» What you have to do: Work out how many lines of the material contain the string "Felicia". Respond with the number only.

» Records for processing:
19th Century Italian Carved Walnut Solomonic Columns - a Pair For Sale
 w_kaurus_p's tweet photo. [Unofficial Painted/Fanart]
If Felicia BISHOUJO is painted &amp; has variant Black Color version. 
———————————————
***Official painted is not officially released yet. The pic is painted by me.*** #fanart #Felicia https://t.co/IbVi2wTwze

---

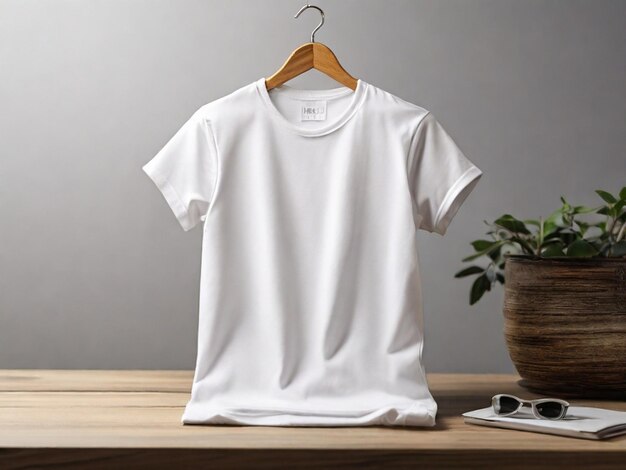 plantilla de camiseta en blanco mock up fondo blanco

==

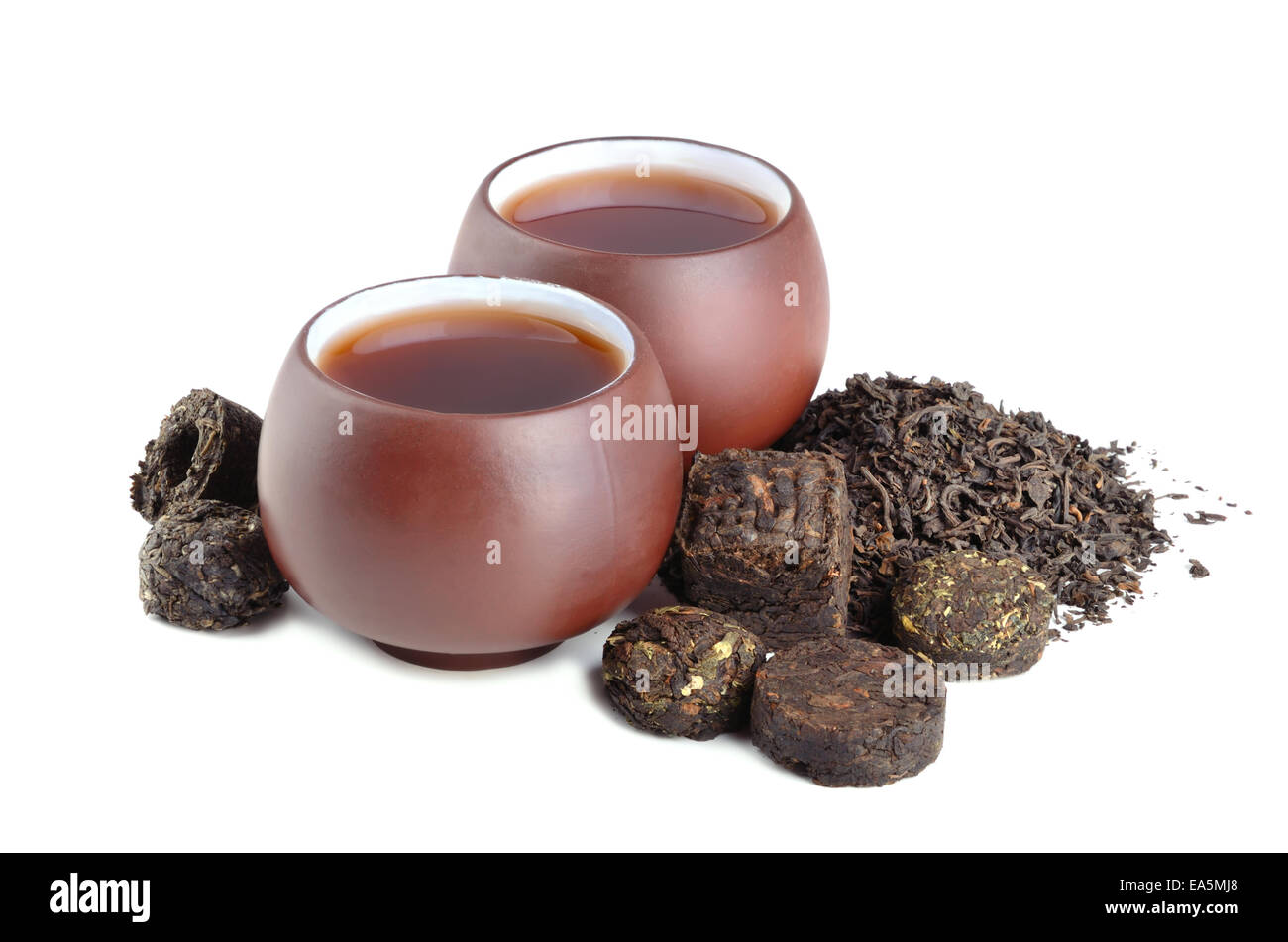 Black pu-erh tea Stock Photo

» Written response: 2